Quite a lot of familiar keywords around IWA’s World Water Congress, particularly on Tuesday’s keynote, discussions and presentations. Water Wise cities is certainly part of the language in IWA now, since the launch of the new principles for Water Wise cities – echoing KWR’s science vision for a Water Wise World and indeed our recent work on resilience within the Water Wise Cities project.
Other terms on the other hand, are in visible decline: metabolism modelling is reaching a phase where the fact that the concept was probably more ambitious than the tools developed to support it is being slowly recognized – but is perhaps poised for a comeback within the context of circular economy. Resilience was also very much part of the language – but perhaps in a more exploratory way: IWA for example hosted a set of workshops on resilience of coastal cities to extreme events where questions of what the definition of an extreme event actually is were posed together with questions about what resilience means for the cities exposed to these events.
What was interesting to see was that from a stakeholder perspective, an extreme event was more about extreme consequences rather than extreme occurrence: a 1000-year flood in the middle of nowhere is not as extreme as a 100-year event in a dense urban area.
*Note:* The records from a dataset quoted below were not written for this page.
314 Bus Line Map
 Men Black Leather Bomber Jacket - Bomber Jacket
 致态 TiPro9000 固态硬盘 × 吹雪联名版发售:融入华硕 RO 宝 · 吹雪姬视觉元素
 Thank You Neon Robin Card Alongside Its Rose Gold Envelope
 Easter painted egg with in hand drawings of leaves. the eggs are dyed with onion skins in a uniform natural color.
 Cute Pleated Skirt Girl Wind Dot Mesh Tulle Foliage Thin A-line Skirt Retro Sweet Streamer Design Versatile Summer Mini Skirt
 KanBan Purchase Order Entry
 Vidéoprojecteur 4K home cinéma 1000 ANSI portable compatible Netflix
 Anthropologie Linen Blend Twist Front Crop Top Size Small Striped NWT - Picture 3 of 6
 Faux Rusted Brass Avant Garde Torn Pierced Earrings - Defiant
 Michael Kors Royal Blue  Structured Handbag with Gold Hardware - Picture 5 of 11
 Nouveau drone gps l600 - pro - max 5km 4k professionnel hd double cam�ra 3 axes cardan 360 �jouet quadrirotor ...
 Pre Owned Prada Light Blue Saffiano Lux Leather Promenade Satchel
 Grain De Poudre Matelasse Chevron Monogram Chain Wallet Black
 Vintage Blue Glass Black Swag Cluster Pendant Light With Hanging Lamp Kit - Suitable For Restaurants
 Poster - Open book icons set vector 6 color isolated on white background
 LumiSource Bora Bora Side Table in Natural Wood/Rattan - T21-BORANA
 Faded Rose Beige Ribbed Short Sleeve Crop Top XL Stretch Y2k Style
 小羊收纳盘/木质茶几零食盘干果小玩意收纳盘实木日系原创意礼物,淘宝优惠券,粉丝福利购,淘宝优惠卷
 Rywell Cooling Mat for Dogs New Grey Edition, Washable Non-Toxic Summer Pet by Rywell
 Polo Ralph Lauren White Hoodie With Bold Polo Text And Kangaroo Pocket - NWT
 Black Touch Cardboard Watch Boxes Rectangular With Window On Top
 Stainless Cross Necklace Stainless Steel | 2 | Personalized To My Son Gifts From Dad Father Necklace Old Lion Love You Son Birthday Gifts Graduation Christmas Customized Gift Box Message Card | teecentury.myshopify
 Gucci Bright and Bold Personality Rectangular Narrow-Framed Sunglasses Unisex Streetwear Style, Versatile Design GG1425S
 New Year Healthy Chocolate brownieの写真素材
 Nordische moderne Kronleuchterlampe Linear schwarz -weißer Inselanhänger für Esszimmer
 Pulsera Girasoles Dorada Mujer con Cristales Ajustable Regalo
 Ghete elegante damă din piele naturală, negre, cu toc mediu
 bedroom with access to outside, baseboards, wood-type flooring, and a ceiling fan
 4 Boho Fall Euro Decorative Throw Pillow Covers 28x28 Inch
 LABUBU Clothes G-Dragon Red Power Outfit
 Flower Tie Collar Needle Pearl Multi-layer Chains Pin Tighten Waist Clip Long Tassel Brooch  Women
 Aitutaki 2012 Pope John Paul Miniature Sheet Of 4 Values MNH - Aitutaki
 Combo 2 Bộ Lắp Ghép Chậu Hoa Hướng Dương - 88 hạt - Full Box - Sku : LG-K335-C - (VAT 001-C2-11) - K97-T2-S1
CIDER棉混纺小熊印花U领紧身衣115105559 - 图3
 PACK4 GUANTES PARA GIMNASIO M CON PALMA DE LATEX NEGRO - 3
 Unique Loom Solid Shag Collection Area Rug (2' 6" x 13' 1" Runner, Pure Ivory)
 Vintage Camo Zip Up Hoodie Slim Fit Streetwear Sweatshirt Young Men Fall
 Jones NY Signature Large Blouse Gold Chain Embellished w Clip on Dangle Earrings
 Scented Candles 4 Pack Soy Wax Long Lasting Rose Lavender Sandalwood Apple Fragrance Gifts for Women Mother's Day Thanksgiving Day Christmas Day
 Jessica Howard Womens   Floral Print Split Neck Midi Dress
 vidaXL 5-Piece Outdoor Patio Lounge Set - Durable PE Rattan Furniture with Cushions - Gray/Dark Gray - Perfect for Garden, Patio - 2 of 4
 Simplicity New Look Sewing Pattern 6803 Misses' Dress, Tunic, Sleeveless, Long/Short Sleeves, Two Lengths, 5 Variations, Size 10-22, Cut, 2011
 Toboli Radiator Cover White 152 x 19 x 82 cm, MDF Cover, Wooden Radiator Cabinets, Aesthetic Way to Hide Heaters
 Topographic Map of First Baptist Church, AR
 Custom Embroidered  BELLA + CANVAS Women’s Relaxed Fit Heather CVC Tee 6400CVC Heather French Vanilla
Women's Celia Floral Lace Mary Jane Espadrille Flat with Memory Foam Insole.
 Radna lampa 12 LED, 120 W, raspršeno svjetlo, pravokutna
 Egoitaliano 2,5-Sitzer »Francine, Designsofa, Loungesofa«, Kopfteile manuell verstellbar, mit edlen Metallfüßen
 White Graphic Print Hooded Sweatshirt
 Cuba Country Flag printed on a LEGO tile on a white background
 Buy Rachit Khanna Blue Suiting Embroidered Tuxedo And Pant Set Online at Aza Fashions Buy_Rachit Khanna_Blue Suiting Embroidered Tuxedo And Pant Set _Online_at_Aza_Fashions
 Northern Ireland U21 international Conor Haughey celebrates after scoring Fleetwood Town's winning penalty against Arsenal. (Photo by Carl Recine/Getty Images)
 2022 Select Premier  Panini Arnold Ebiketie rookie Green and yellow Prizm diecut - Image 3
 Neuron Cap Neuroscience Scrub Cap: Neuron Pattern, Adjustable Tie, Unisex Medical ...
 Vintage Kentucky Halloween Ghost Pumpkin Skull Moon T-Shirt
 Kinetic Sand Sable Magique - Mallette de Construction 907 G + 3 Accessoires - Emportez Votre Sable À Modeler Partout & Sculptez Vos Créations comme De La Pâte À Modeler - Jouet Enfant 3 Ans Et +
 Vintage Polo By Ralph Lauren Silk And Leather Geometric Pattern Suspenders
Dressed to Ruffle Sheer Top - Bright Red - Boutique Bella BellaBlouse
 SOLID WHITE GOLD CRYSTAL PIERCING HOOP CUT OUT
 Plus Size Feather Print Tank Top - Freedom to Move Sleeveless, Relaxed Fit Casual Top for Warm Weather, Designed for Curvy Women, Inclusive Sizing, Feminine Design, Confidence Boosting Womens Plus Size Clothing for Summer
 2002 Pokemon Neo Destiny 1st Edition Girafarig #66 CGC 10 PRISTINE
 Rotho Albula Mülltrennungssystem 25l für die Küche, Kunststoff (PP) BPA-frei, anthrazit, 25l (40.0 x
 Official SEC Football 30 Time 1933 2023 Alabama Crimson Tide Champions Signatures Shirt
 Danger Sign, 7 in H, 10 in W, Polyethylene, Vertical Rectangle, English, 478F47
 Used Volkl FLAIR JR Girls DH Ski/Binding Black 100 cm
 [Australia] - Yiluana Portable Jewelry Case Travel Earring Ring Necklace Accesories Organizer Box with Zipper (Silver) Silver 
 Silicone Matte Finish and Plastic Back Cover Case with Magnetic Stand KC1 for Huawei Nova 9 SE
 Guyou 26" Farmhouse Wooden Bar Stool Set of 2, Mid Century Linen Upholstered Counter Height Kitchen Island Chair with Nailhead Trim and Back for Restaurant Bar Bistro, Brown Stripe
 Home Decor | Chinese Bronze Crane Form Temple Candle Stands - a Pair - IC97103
This however raises a question on what guidelines and regulations following this paradigm should like.
Working backwards from impacts, it was suggested that the challenge for engineers is to translate impact-oriented approaches into event-oriented standards, also possibly resulting in different protection levels for different parts of the same infrastructure. This place-specific take on engineering design may seem intuitive, but of course regulations are notoriously case independent. In a changing environment, perhaps guaranteeing a (best practice) process in design for resilience, with (significant) room for customisation and adaptation to local contexts and a more or less continuous process of correcting the ever-present mismatches between planning and implementation, could be more flexible and responsive that even the best of hardwired regulations. Food for thought?